Copy out, unchanged, the entries below from the "Compatible with iPhone" line to the final line. Omit pictures.

Segment Start: Records shown

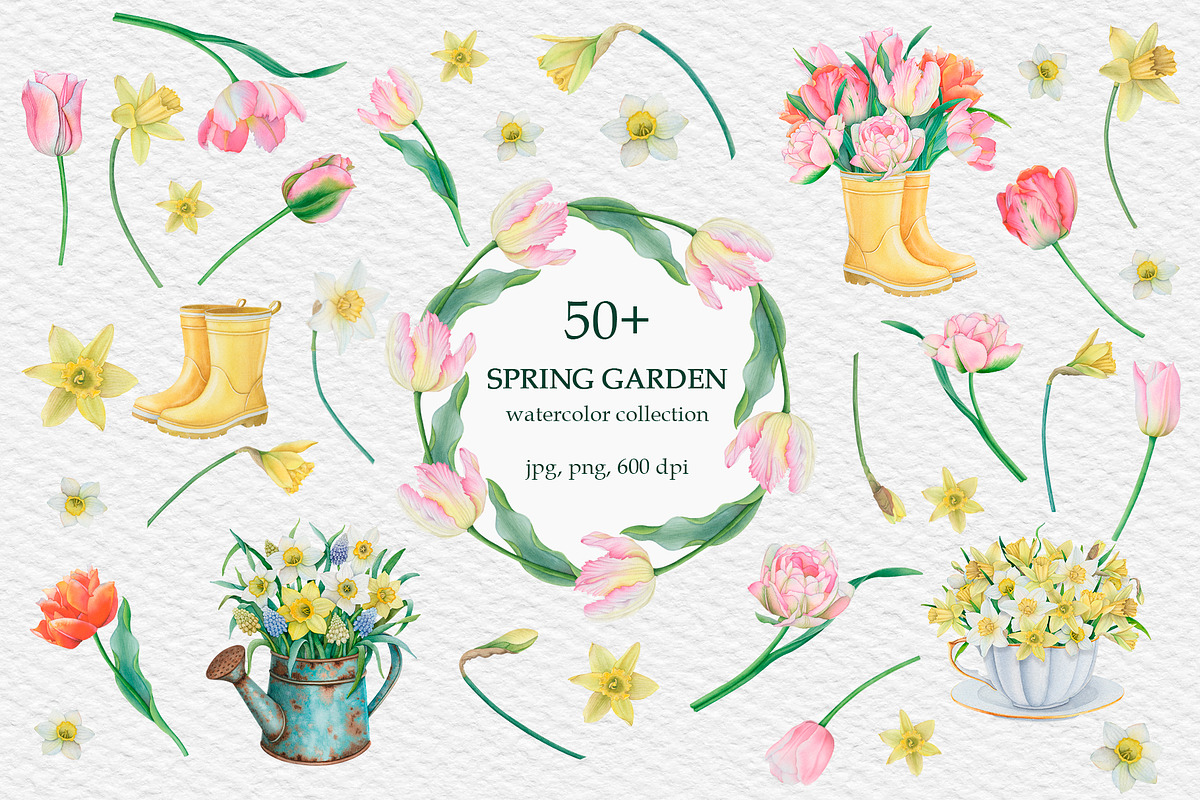 Spring Garden Watercolor Elements, an Object Illustration by SunnJaneArt (Photo 1 of 10)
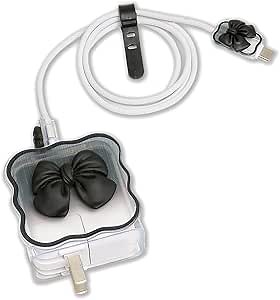 Compatible with iPhone 29W/30W/35W USB-C Charger Cover Cute 3D Bow Tie Waves Design Charger Cable Protector for Apple 35W/30W Single/Dual USB-C Power Adapter, Black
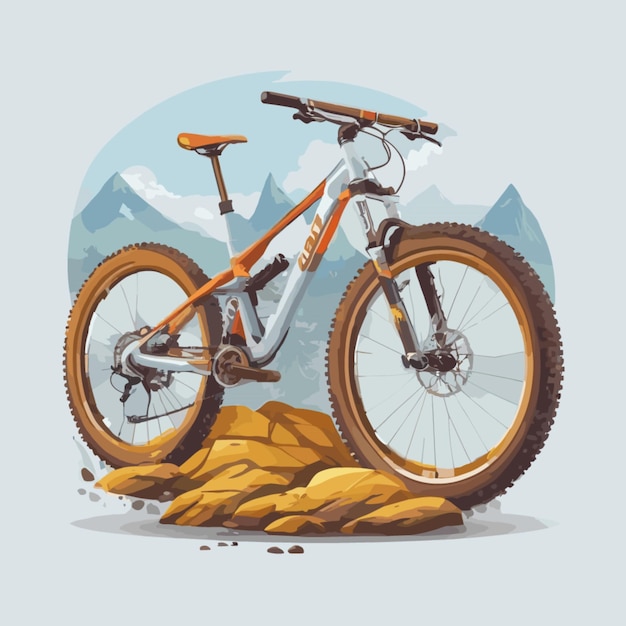 Vector vector de dibujos animados de bicicletas de montaña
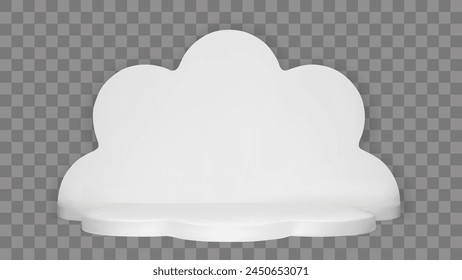 3d podio blanco aislado. Plataforma de exhibición de productos en la nube Daisy para el interior del estudio en Vector. Elemento de pedestal de flores para la presentación cosmética de la naturaleza. Lindo objeto de Anuncio de bebé mínimo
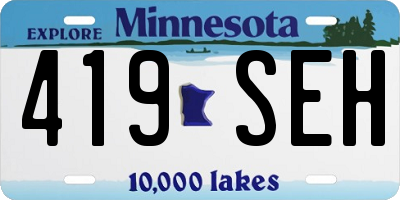 MN license plate 419SEH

Segment End: Records shown

### Response area
 Compatible with iPhone 29W/30W/35W USB-C Charger Cover Cute 3D Bow Tie Waves Design Charger Cable Protector for Apple 35W/30W Single/Dual USB-C Power Adapter, Black
 Vector vector de dibujos animados de bicicletas de montaña
 3d podio blanco aislado. Plataforma de exhibición de productos en la nube Daisy para el interior del estudio en Vector. Elemento de pedestal de flores para la presentación cosmética de la naturaleza. Lindo objeto de Anuncio de bebé mínimo
 MN license plate 419SEH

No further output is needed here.